The German-owned RWE npower went to court after Milton Keynes council tried to impose a 1.2 kilometre exclusion zone around local residential areas to block two of its planned onshore wind farms. National guidelines require that developers build wind farms no closer than 350 metres.
The ruling is likely to make it harder for other councils looking to impose similar restrictions, including Stratford-on-Avon, Cherwell in Oxfordshire, Wiltshire and Staffordshire.
Milton Keynes Borough Council in Buckinghamshire said that if a turbine was more than 100 metres high, the minimum distance from houses should be one kilometre and the zone extended further for taller turbines. It said the 350-metre exclusion zone should apply only to 25-metre turbines. The 17 turbines that RWE npower wants have a maximum height of 127 metres. The closest homes are 675 metres away.

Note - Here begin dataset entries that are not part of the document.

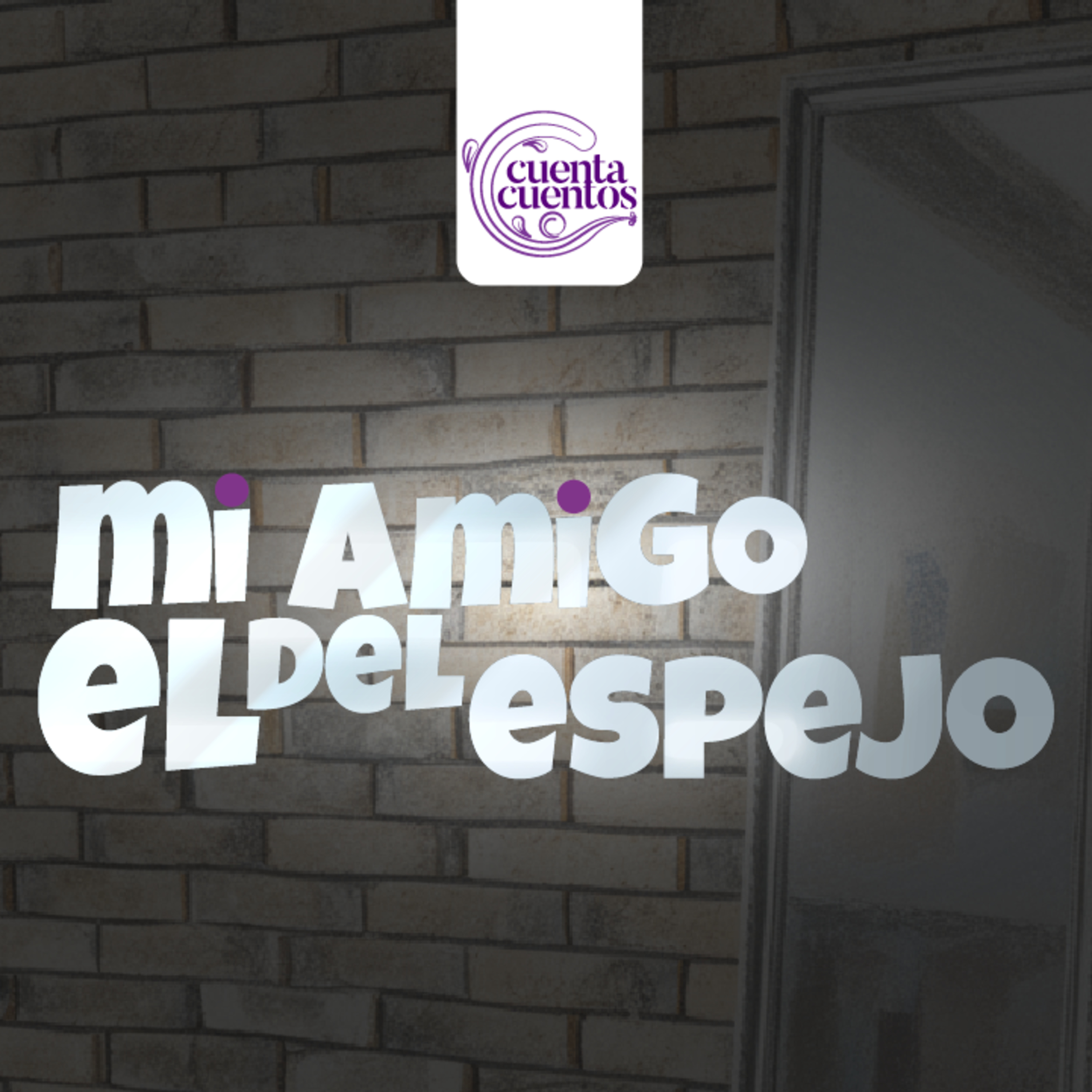 Portada de Cuenta Cuentos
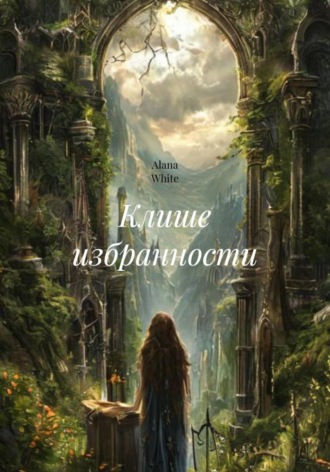 Клише избранности. Alana White
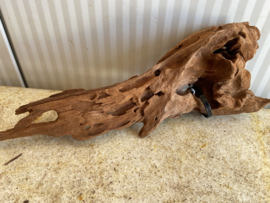 Fine Sinking Wood Selected  FS875 26x9x6 cm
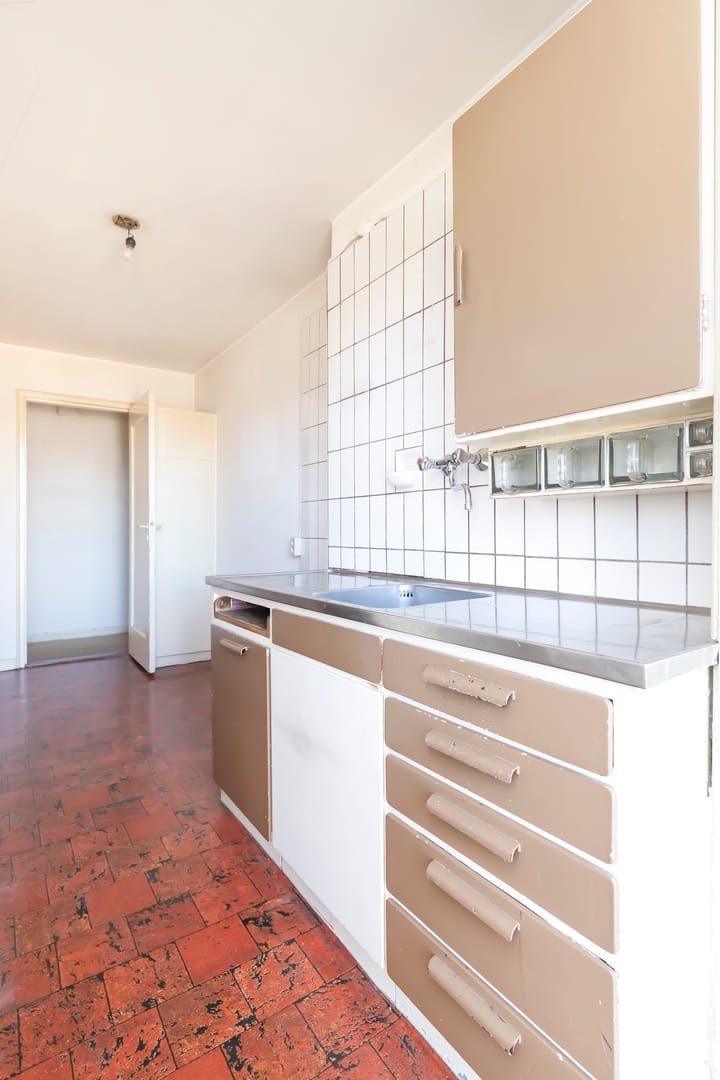 Foto 9 van Stadionweg 122-4A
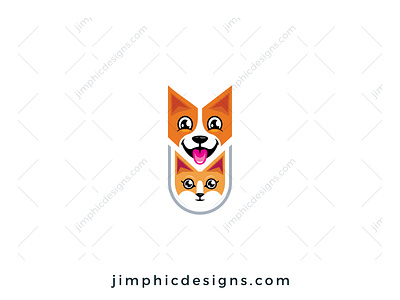 Pets Logo branding design graphic design logo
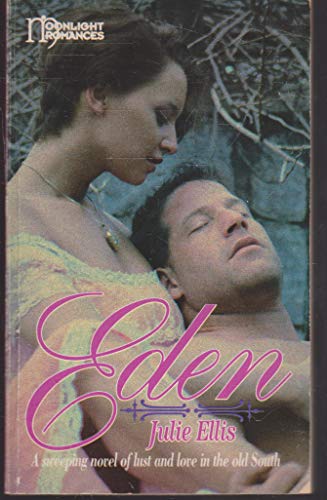 Imagen de archivo de Eden a la venta por ThriftBooks-Dallas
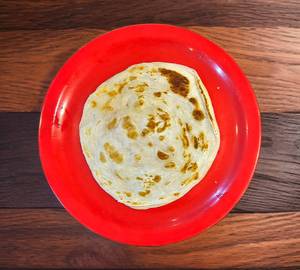 Kerala Parotta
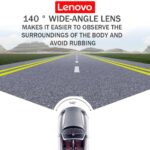 LENOVO DVR S7 (2"screen - 2K camera) - Image 5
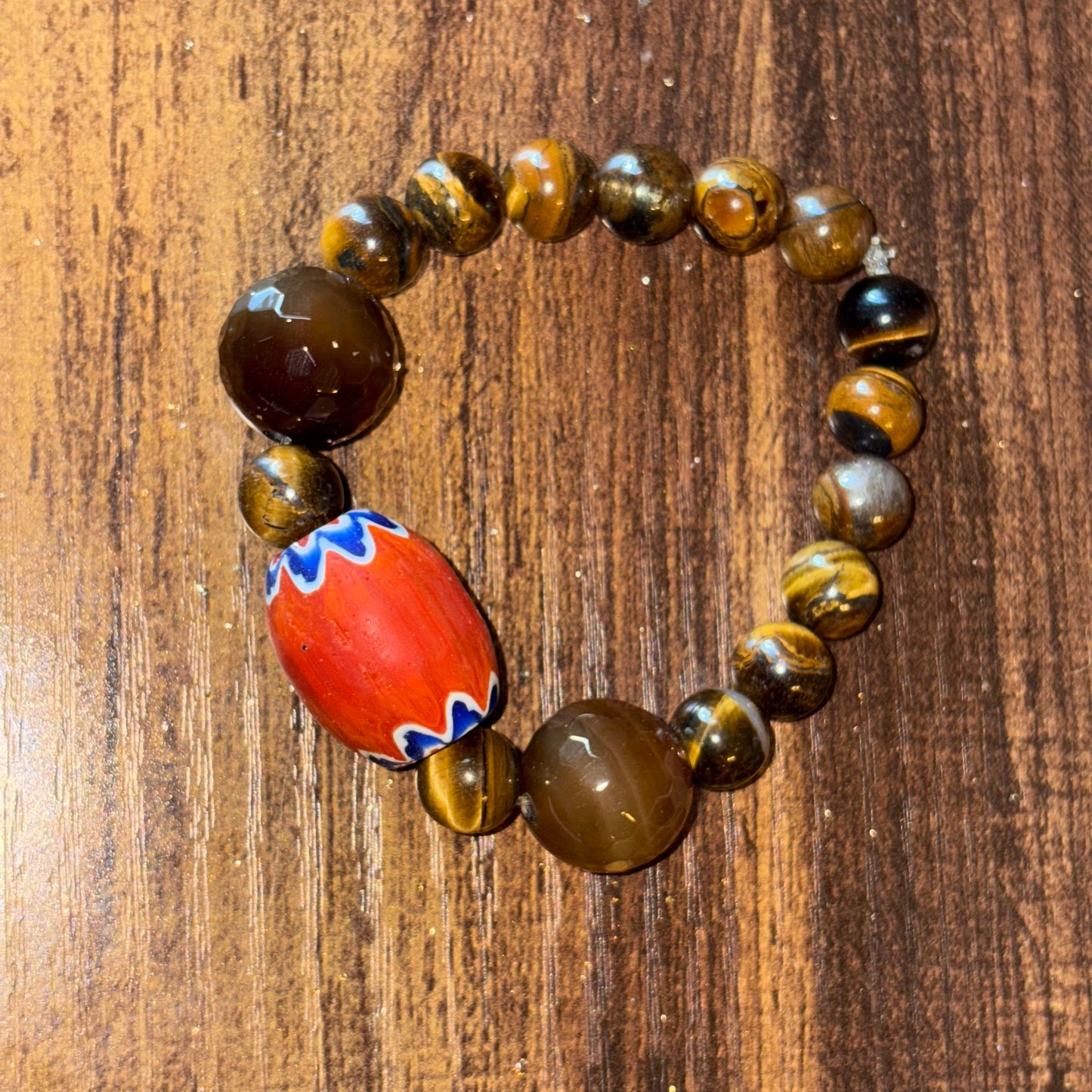 Exquisite Beaded Jewelry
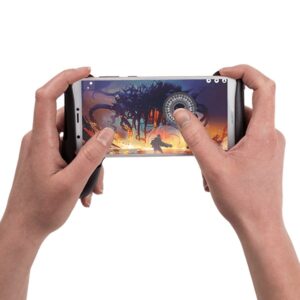 Gamepad pre mobilný telefón – tip na darček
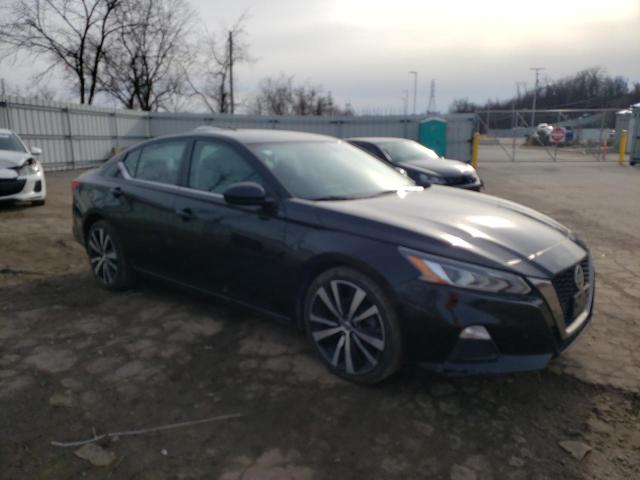 Photo 4 from auction – 2019 NISSAN ALTIMA SR with VIN 1N4BL4CV0KC219045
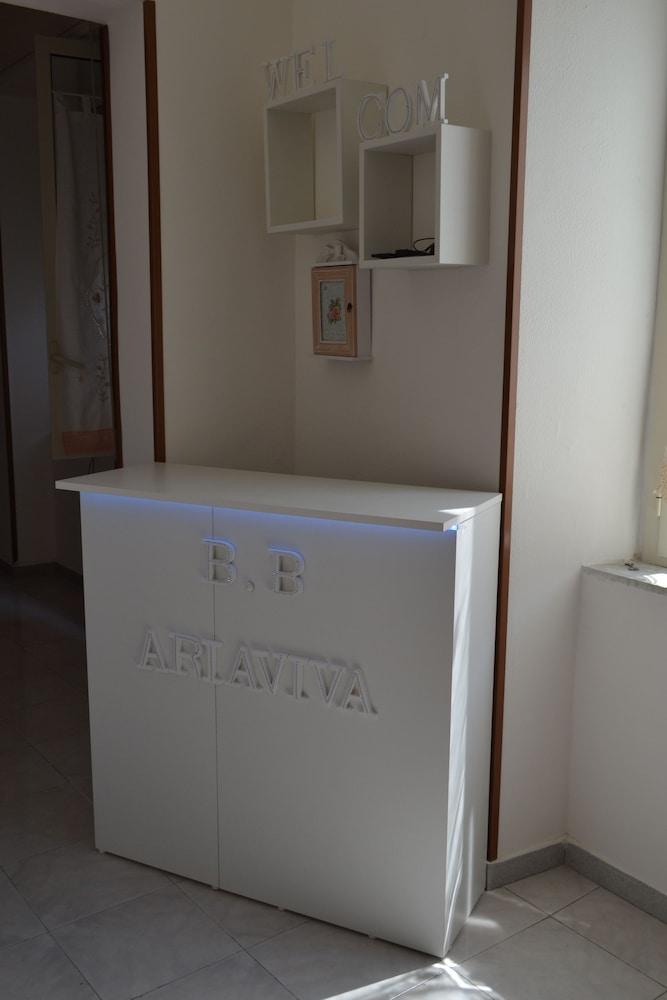 Ariaviva 2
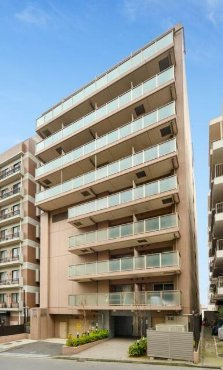 【外観】 | ドゥーエ横濱台町 | 建物外観を気になさる方へ、見た目の良い物件です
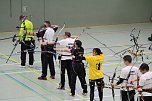 7. Adventsturnier im Bogenschießen gut besetzt (Foto: Karl-Heinz Herrmann) 7. Adventsturnier im Bogenschießen gut besetzt (Foto: Karl-Heinz Herrmann)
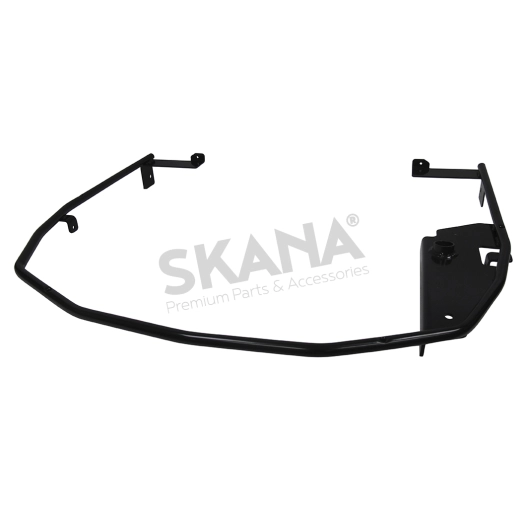 armature superieure de bac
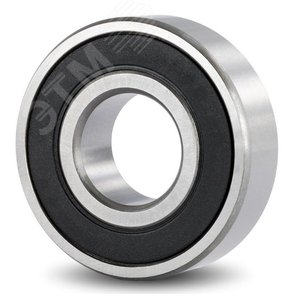 Подшипник 6202-2RS2-C3 - NKE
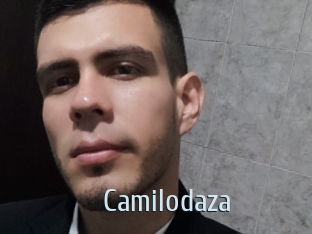Camilodaza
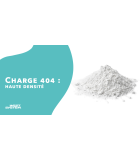 Charge 404: charge de haute densité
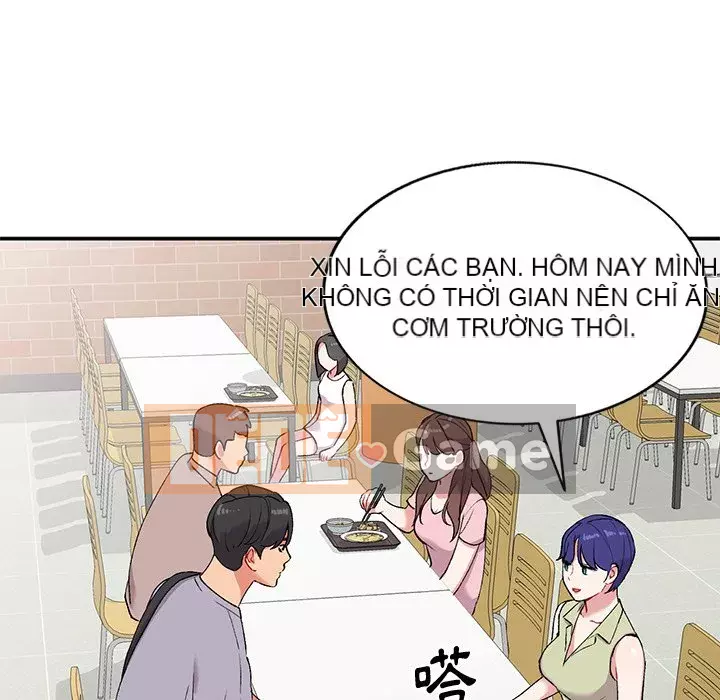 Bí mật của em gái Chương 35-36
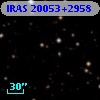 IRAS 20053+2958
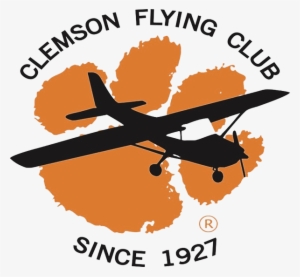 Clemson-2 - Ncaa Clemson Tigers - 1 Large Wall Accent College Mural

Judge John Howells, QC, said that the council’s new policy of using a sliding scale of distances contradicted its existing development plan for the area, which recommends a minimum distance of 350 metres, in line with national guidance.
Seeking the judicial review, RWE npower had argued that if the plan by Milton Keynes’ council was upheld, other planning authorities might adopt similar policies which would put “any proposal at risk of rejection” and “nullify” national guidance which encouraged the development of renewable energy.
Dr Wayne Cranstone, RWE npower renewables onshore development and projects director, said: “Some particularly Conservative authorities are trying to address this Conservative idea of localism and the Big Society and put it into their policy. We said it’s not in line with national policy [on renewable energy]. There is a conflict.”;
He argued that councils should take into account whether hills separated planned wind farms from homes for example rather than issuing blanket bans.
The pace of construction of onshore wind farms is up 60 per cent since last year with 763 turbines due to be installed this year. Another 7,843 turbines have planning approval but have not yet been built. Some 4,369 turbines are already in operation.